From the material below, please set down exactly the lines starting with the one with "Black Halter Peplum" and going on through the one with "Detailed view of", without a single picture.

--

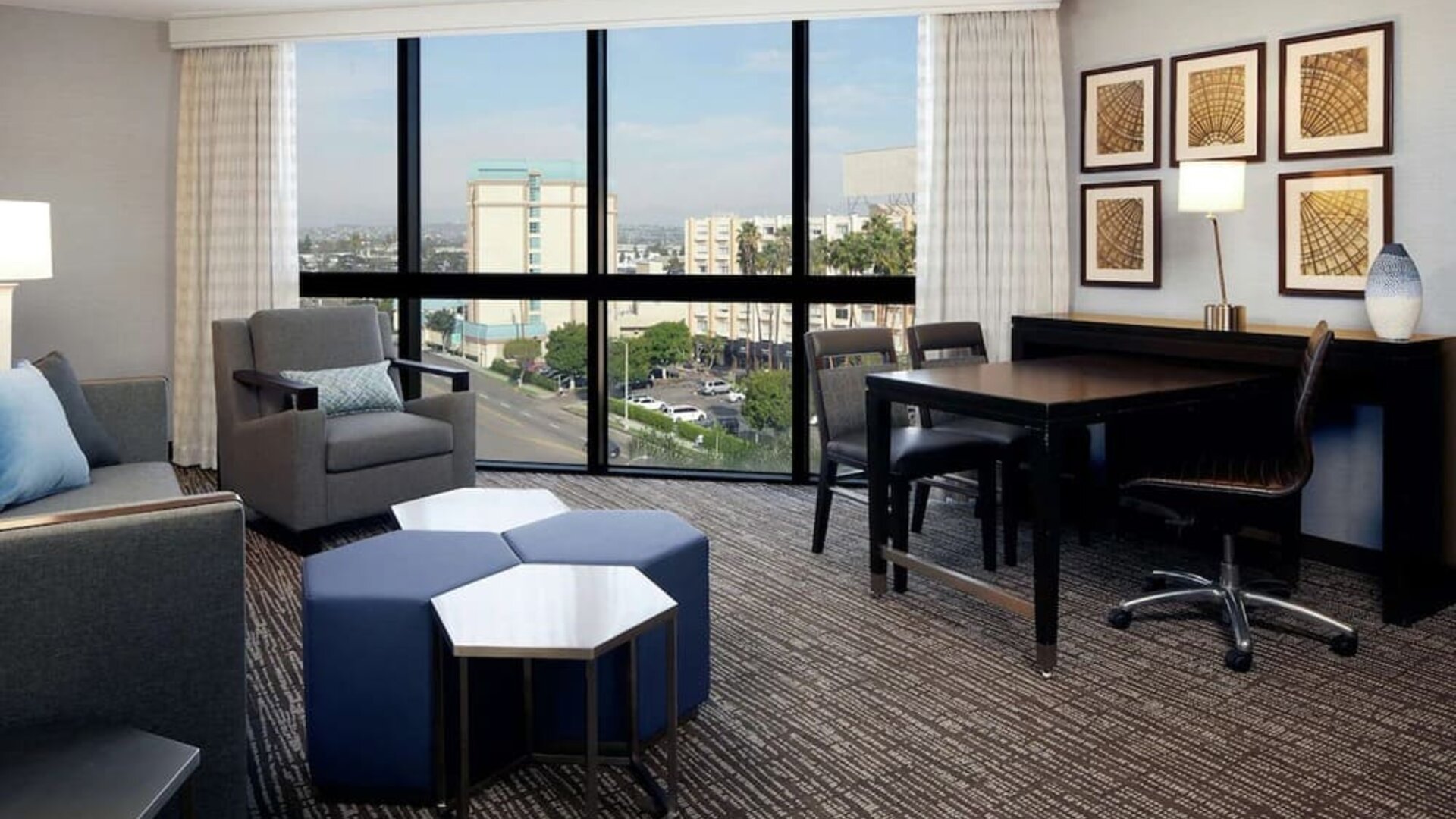 Spacious suite living area with city views, dining table, lounge seating, and floor-to-ceiling windows at Embassy Suites By Hilton LAX Airport North.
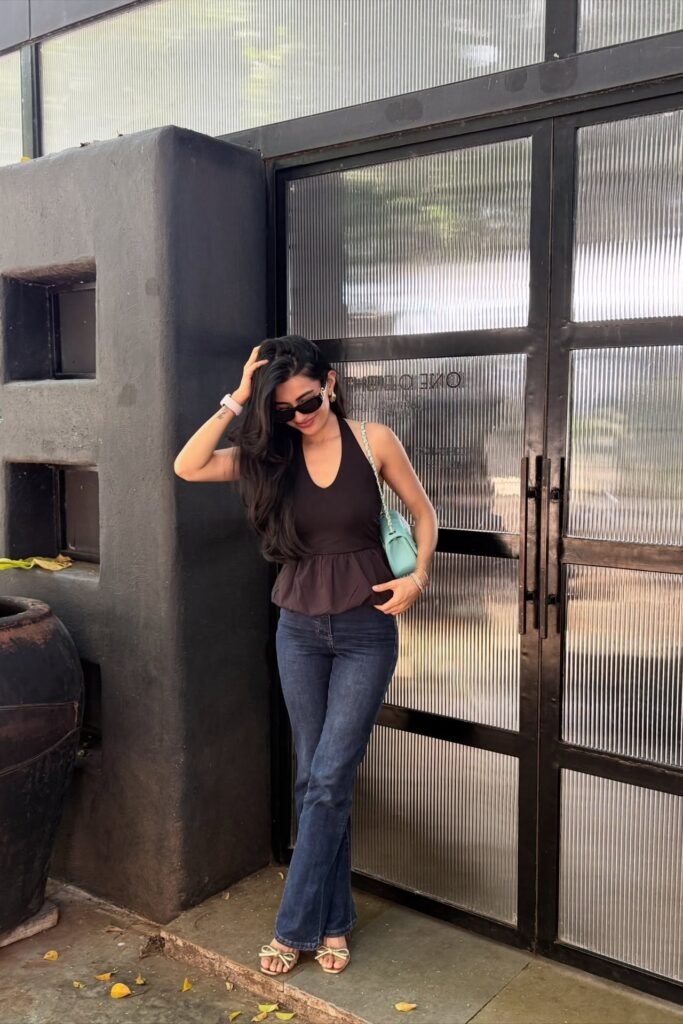 Black Halter Peplum Top + Dark Blue Flare Jeans + Gold Strappy Sandals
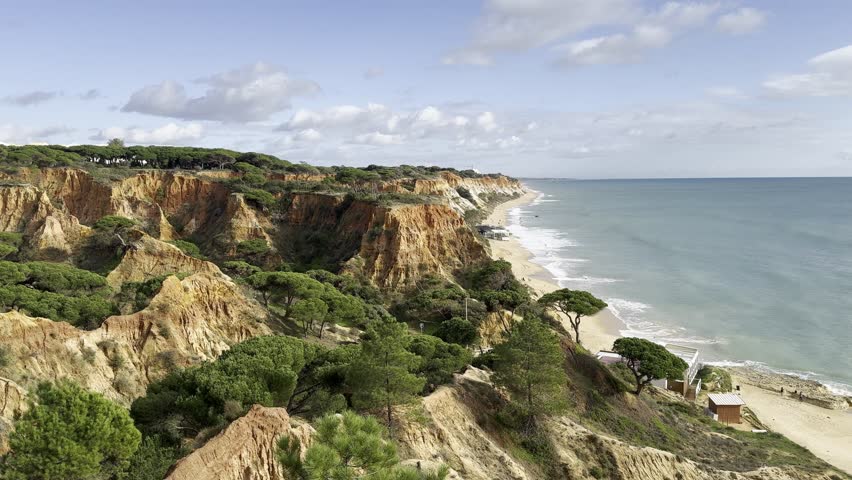 View of the sea and rocks of the beach of Olhos de Agua, Albufeira, Algarve, Portugal.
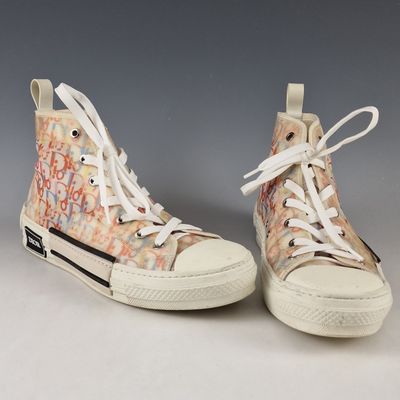 une paire de baskets ornées de graffitis sur fond gris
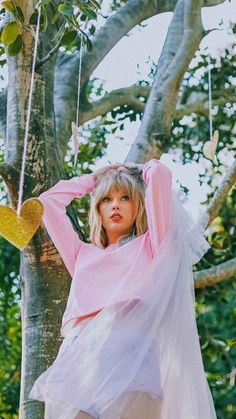 a woman in a pink top and white skirt sitting on a tree branch with her hands behind her head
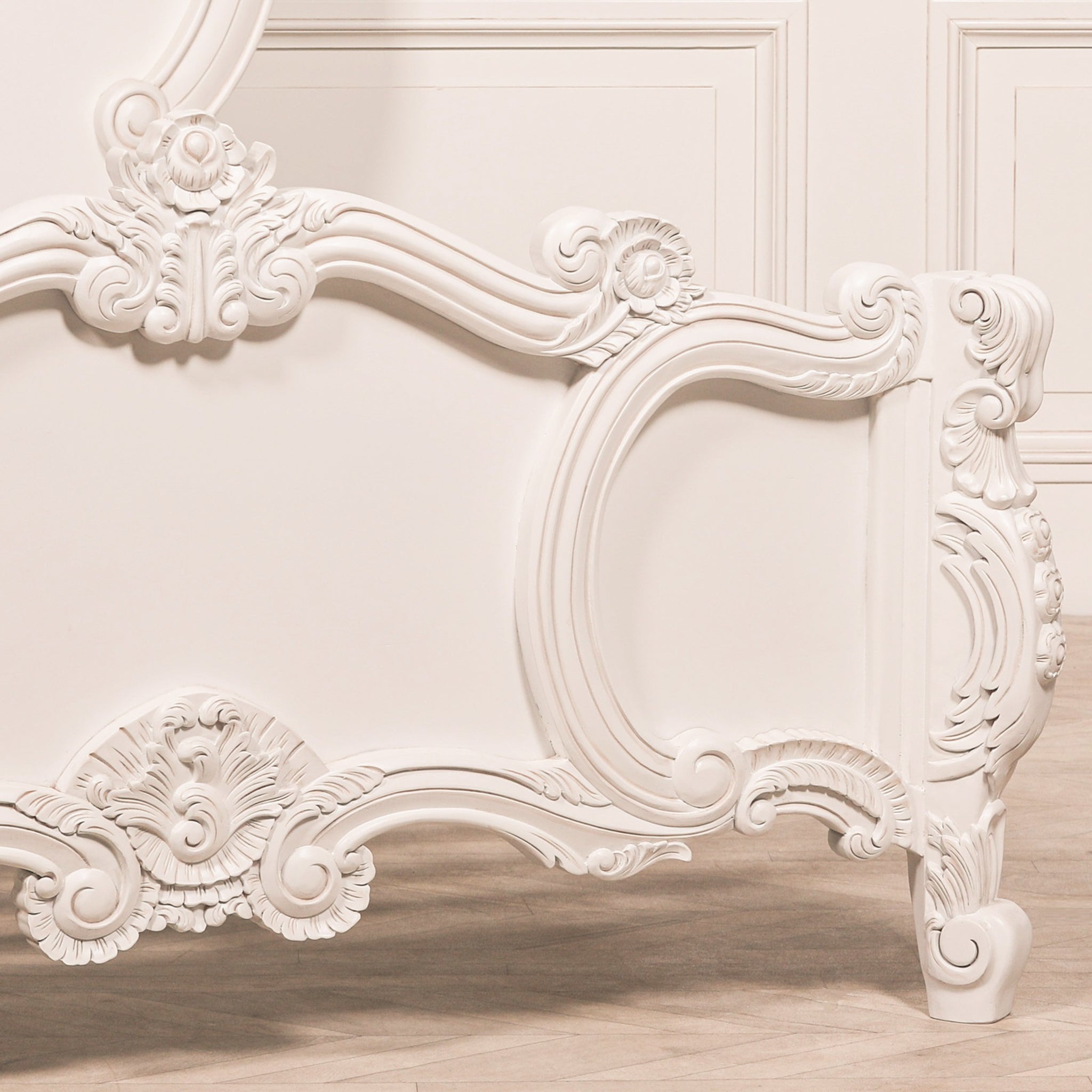 Detailed view of the Rosalie French Rococo king size bed footboard with ornate hand-carved floral motifs, sweeping scrollwork and sculpted painted white leg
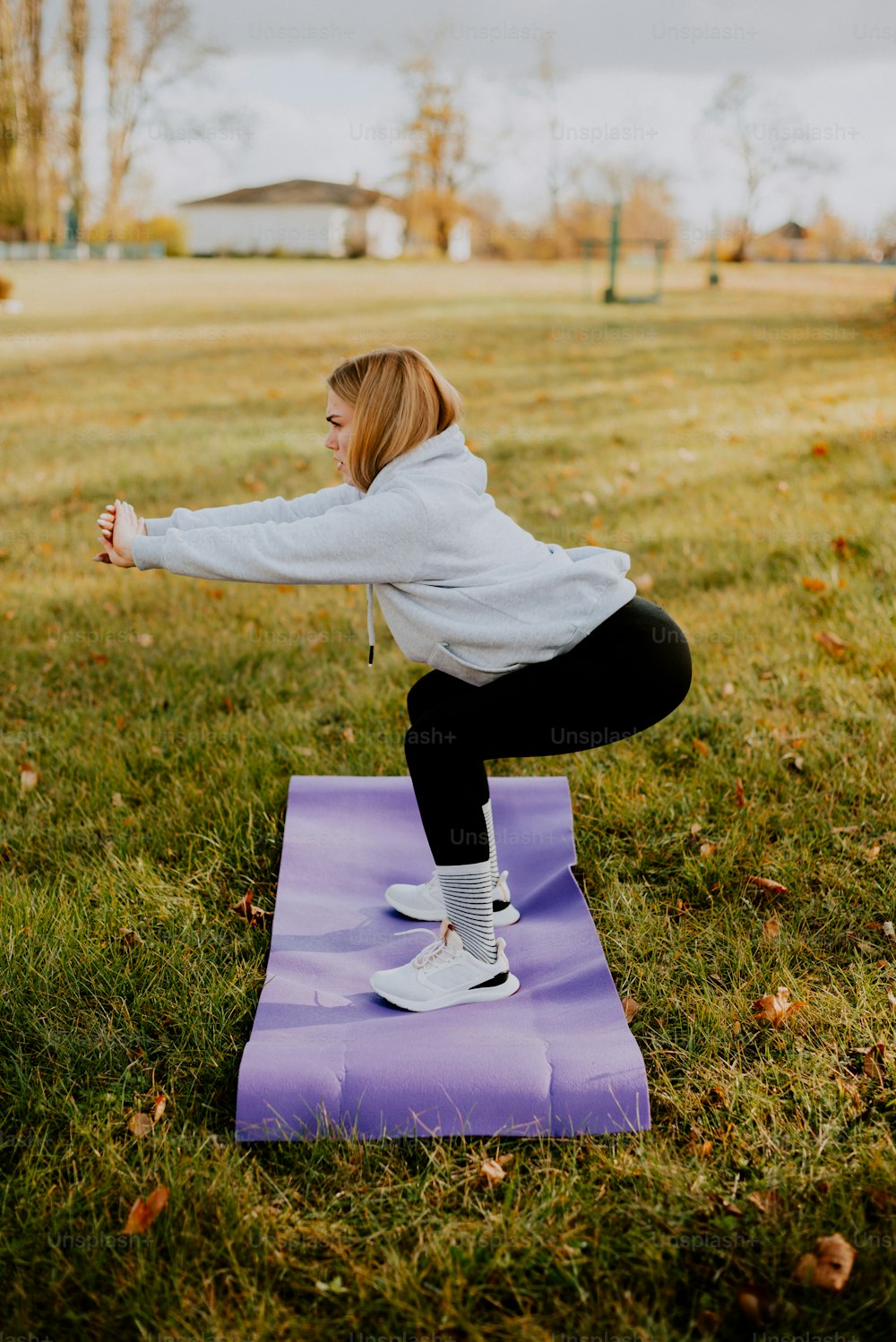 Una mujer haciendo una pose de yoga en una estera púrpura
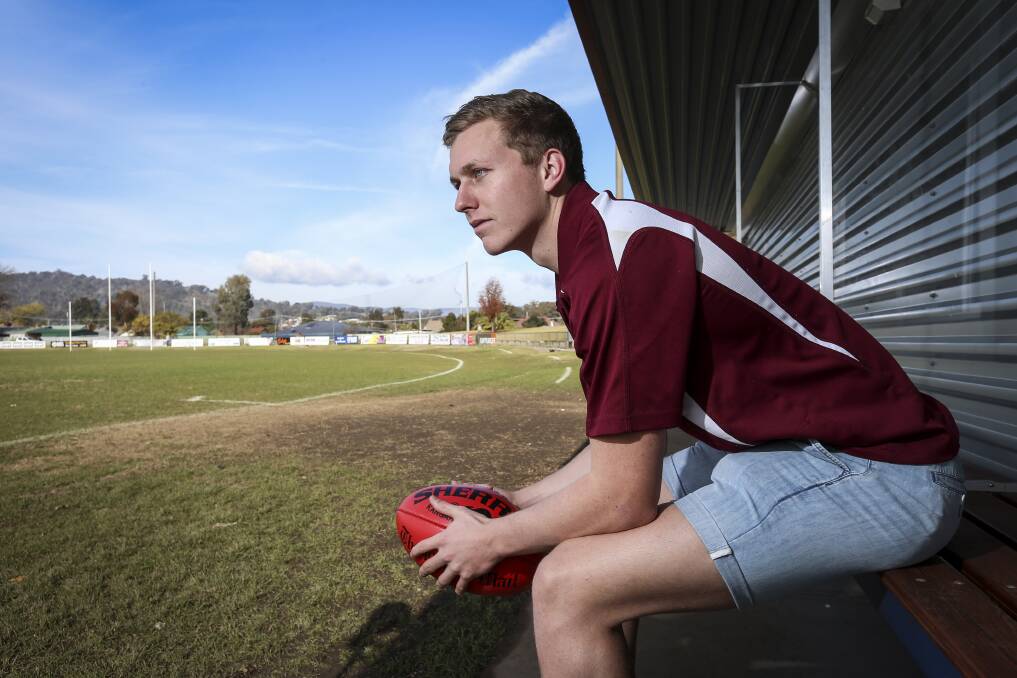 GUTSY EFFORT: Wodonga's Nick English suffered an injury to his 'good' shoulder against North Albury, but elected to play. Picture: JAMES WILTSHIRE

--

### SOLUTION
 Black Halter Peplum Top + Dark Blue Flare Jeans + Gold Strappy Sandals
 View of the sea and rocks of the beach of Olhos de Agua, Albufeira, Algarve, Portugal.
 une paire de baskets ornées de graffitis sur fond gris
 a woman in a pink top and white skirt sitting on a tree branch with her hands behind her head
 Detailed view of the Rosalie French Rococo king size bed footboard with ornate hand-carved floral motifs, sweeping scrollwork and sculpted painted white leg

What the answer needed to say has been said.